When it was originally published in 1976 by Dial Press, Little Man, Little Man was billed as “a children's story for adults, an adult’s story for children.” Unlike any picture book at the time, it was not well understood and went quickly out of print. Now, for the first time in 42 years, the book is being reprinted and re-released by Duke University Press. The effort to republish the book was spearheaded by Dr. Nicholas Boggs, Baldwin scholar and clinical assistant professor of English at New York University. He first came across the book at the Beinecke Rare Book and Manuscript Library as an undergraduate student at Yale University. The son of civil rights activists, Boggs grew up in Washington D.C., reading almost everything Baldwin had ever written. After coming across Baldwin’s out-of-print Little Man, Little Man, he began extensive research on the book, flew to France to interview its Parisian illustrator, Yoran Cazac, and dedicated the last decade to getting the new scholarly edition published.
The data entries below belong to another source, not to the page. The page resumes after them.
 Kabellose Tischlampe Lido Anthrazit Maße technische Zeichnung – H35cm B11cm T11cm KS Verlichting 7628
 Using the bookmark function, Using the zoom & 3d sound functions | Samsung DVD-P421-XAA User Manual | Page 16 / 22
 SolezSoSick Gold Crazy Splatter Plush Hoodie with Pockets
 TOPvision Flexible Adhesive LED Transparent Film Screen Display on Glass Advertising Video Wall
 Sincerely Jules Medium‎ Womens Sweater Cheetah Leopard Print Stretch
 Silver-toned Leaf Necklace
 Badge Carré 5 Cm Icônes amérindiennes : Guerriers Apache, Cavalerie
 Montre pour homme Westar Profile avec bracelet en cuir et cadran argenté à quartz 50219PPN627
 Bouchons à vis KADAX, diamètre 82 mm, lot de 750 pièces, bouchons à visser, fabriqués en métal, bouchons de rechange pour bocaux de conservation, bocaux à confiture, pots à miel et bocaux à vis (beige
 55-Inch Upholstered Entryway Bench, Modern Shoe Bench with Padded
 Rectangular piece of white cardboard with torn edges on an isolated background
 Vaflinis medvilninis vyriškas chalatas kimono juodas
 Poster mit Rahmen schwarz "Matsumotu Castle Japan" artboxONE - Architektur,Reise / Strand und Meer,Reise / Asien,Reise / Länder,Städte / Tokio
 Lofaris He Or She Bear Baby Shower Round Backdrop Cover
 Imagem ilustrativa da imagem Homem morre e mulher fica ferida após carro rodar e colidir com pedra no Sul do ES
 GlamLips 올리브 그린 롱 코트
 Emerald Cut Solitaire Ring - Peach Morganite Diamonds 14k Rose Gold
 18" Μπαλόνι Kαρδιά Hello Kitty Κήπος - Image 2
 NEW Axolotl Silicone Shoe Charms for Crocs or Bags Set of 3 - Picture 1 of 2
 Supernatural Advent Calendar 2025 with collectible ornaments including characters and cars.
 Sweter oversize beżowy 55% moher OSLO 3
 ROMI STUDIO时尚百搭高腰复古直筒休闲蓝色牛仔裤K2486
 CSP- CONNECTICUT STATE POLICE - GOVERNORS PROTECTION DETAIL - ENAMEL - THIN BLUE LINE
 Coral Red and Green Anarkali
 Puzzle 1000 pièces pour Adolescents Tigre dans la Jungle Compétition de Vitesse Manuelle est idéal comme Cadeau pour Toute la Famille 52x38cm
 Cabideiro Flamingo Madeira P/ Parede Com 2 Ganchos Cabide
With increased awareness around the need for diverse books, and more children’s books confronting challenging social issues, Dr. Boggs believes Little Man, Little Man can be understood and appreciated in a new light. The book is now being directed towards ages 8 and up, which is aligned with Baldwin and Cazac’s initial intention. In an interview with Dr. Boggs, Cazac explained that he and Baldwin wanted it to be meaningful to adults and children alike, whether they were “age 7 or 70”.
Dr. Boggs underscores the collaborative effort that made the new edition of the book possible. He worked closely with the Baldwin family, as well as the family of Yoran Cazac, to bring the book back into print. The new edition features an introduction by Nicholas Boggs and Jennifer DeVere Brody, a foreword by Baldwin’s nephew, Tejan Karefa-Smart, and an afterword by Baldwin’s niece, Aisha Karefa-Smart.
Aisha Karefa-Smart, author, niece to Baldwin, and inspiration behind the character, Blinky, sat down with us to share more about the book and her relationship with her beloved “Uncle Jimmy”. A transcript of our conversation is below.
Information on where to find the book, the Teacher Resource Guide for the book, and upcoming book-related events can be found after the interview.
The Conscious Kid (TCK): You grew up with Black literature outside of the education system that held a critical lens to minimal or problematic depictions of Black folks and other marginalized groups. How does Baldwin’s Little Man, Little Man carry on the tradition of the critical literature you were exposed to, and what was the books impact on you?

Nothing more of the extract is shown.